In her roles as president of the Ontario Horsemen's Benevolent and Protective Association (a horsemen's group), and president of the Ontario Horse Racing Industry Association (an industry lobby group), Leslie has dealt with government, racetrack operators, a fractious horse industry, and veterinarians who give her bad news at the barn. She trains horses for former NHL star Curtis Joseph. Her shedrow is getting smaller as her industry duties become larger.
"I've just at a stage in my life that I don't have any strong outside commitments, outside of my job," Leslie said. "I live on my own, and this industry being what it is, it is very hard to have hobbies like golf, or travel. So it's just the right time and place for me, the stage of my life that I can make the commitment to the industry. It takes a lot of time. I don't begrudge the time."
Leslie said women bring "a softer side" to issues: how they handle staff, their sentiments toward the horses, and perhaps bring "a calming voice into the boardroom, to issues that are sensitive."

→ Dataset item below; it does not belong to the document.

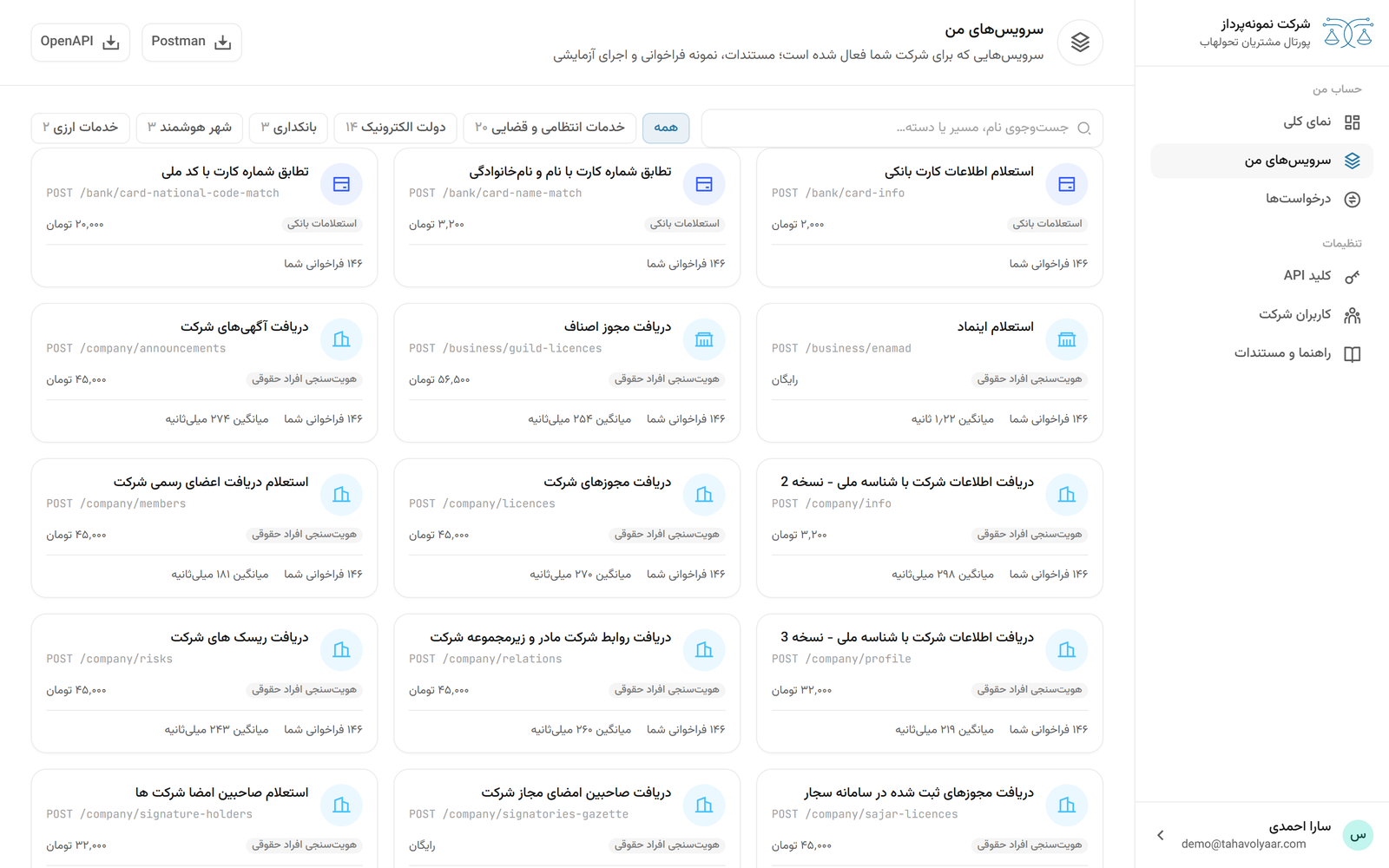 فهرست سرویس‌های در دسترس یک شرکت در پورتال تحول‌هاب، با آمار مصرف هر سرویس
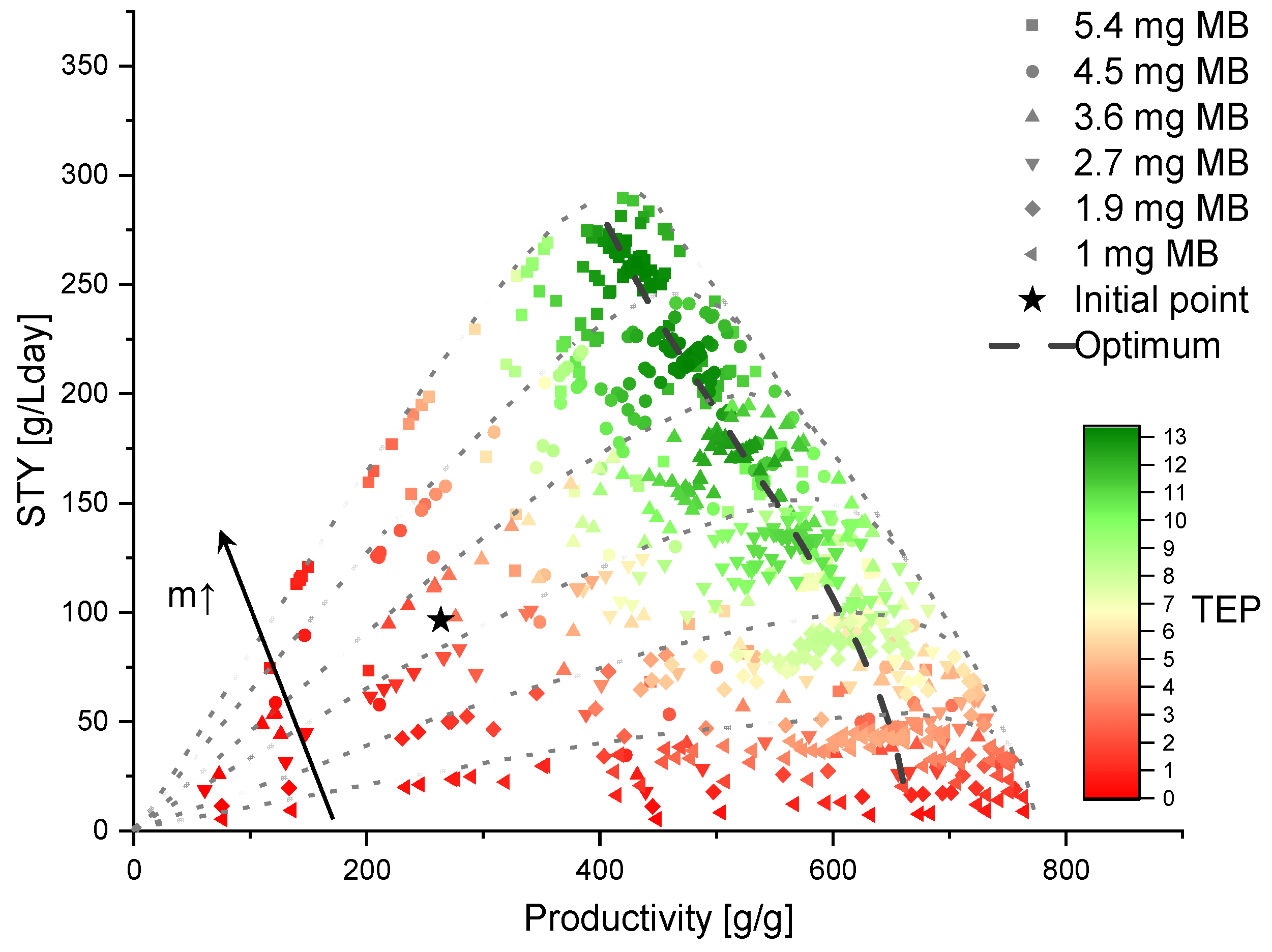 Symmetry 13 00524 g011 Symmetry 13 00524 g011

"I think women are a little more willing to take on the sensitive issues that sometimes men would just as soon not talk about," she said.
Jane Holmes, now vice-president of corporate affairs for Woodbine, made a major mark in the racing industry as the founding executive director of OHRIA. She helped engineer a $50-million tax break on wagers for racetracks, and she also helped bring slots in, too.
When she started with OHRIA, the civil servants and politicians referred to the OHRIA group as "the men in racing" because they'd never met women in that group. But she agrees that women have a different way of working than men at the executive level. "We tend to read people's personalities more so than men do," she said. "We watch body language."
Wilson cherishes her historic win in the Queen's Plate, but prefaces her feelings with, "Anyone close to me knows that I don't like getting hung up on the whole female-in-racing thing."
She objects to the feeling that because she's a female rider, her best talents are her finesse as a rider, and the lightness of touch. "I take pride in the fact that I'm one of the most aggressive, strongest riders down the lane out there," the former rugby player said.
"But I can also switch gears as well, and show finesse and be light when it's called for. That's what makes a good jock, is being able to jump between the skills," she said.
In Canada, at least, female jockeys are not a big deal any more, Wilson said. "Been there. Done that." She's currently second in the jockey's standings at Woodbine and hungry for more.